Biomedical Research

Examples of Current Projects

Prediction of Pulmonary and Cardiac Diseases using Echocardiograms

Pulmonary and cardiac diseases in newborns and younger children contribute to morbidity and mortality. Accurate and early detection of these diseases is crucial for a successful management. Using echocardiography, the primary diagnostic tool in paediatrics, human assessment is both time-consuming and expertise-demanding, raising the need for an automated and streamlined approach. In collaboration with the Hospital Barmherzige Brüder Regensburg, we are developing automated deep learning methods to assess these pulmonary and cardiac diseases. Since the applicability of deep learning methods is still limited in the medical domain due to their black-box nature our goal is to complement our predictions with additional model explanations such that the clinician can perform a sanity check before deciding whether to follow the model’s predictions or recommendations.

Predicting the Diagnosis, Management, and Severity of Paediatric Appendicitis from Ultrasound Images

Appendicitis is a common childhood disease with the highest incidence rate between 10 and 19 years of age. Especially un-diagnosed acute appendicitis can cause ruptures and death in the worst case. To this day, there exists neither specific biomarkers for predicting acute appendicitis nor international guidelines for managing it. Currently, physicians rely on a combination of clinical, laboratory, and imaging data but misdiagnosis is common. In collaboration with the Children’s Hospital St. Hedwig in Regensburg, we work on interpretable neural network predictions to support physicians in diagnosing, assessing severity, and deciding the management of appendicitis using ultrasound images combined with clinical variables. Model interpretability is a central objective in our efforts since physicians are only willing to use machine learning tools if the model prediction can be explained.

StimuLOOP

The StimuLOOP project investigates precision neurorehabilitation to improve gait of Stroke and Parkinson patients in a comprehensive study conducted by a group of scientists from ETH, UZH, USZ and the Cereneo Foundation. Conventionally, neurorehabilitation includes treatments to reduce disability, but their efficacies vary largely between individuals and frequently fail to achieve meaningful outcomes. The StimuLOOP project tries to address this issue by placing selected individuals into a personalized rehabilitation loop. While in this loop, gait quality of each individual is regularly measured, based on which feedback is given to the patients and gait adaptations are performed. The therapeutic process is then consolidated by performing sleep intervention to improve therapy sustainability while resting. The whole process is repeated almost daily over several weeks, leading to vast amounts of data of a multitude of modalities that are collected and provided to our group. Taking advantage of the amassed data, we aim to go beyond personalizing neurorehabilitation and apply state of the art machine learning methods  to answer clinically relevant questions like: What are gait pattern correlations between Stroke and Parkinson Patients? Are there similarities in the rehabilitation learning process? Are initial measurements predictive of therapy success? 
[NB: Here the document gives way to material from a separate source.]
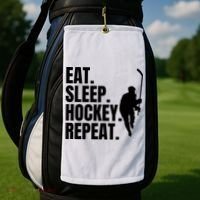Eat Sleep Hockey Repeat Funny Golf Towel thumb 2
Prediction of Hypoglycemia in Children with Diabetes

Hypoglycemia is the most common complication of type 1 diabetes. Previous studies found that nocturnal hypoglycemia is frequent in diabetic children and often remains unnoticed. An important risk factor for such hypoglycemic events is physical activity (PA) during the day. At the same time, however, regular engagement in sports or exercises is an important cornerstone for long-term diabetes treatment. Together with physicians from the University Children’s Hospital Basel (UKBB) we aim to leverage modern AI models to predict the effect of PA on the blood glucose level of patients to avoid hypoglycemic events. To allow for personalized predictions, we aim to integrate patient information about physical activity, insulin dosing, and nutrition, which has been collected in a controlled study by our collaborators from UKBB.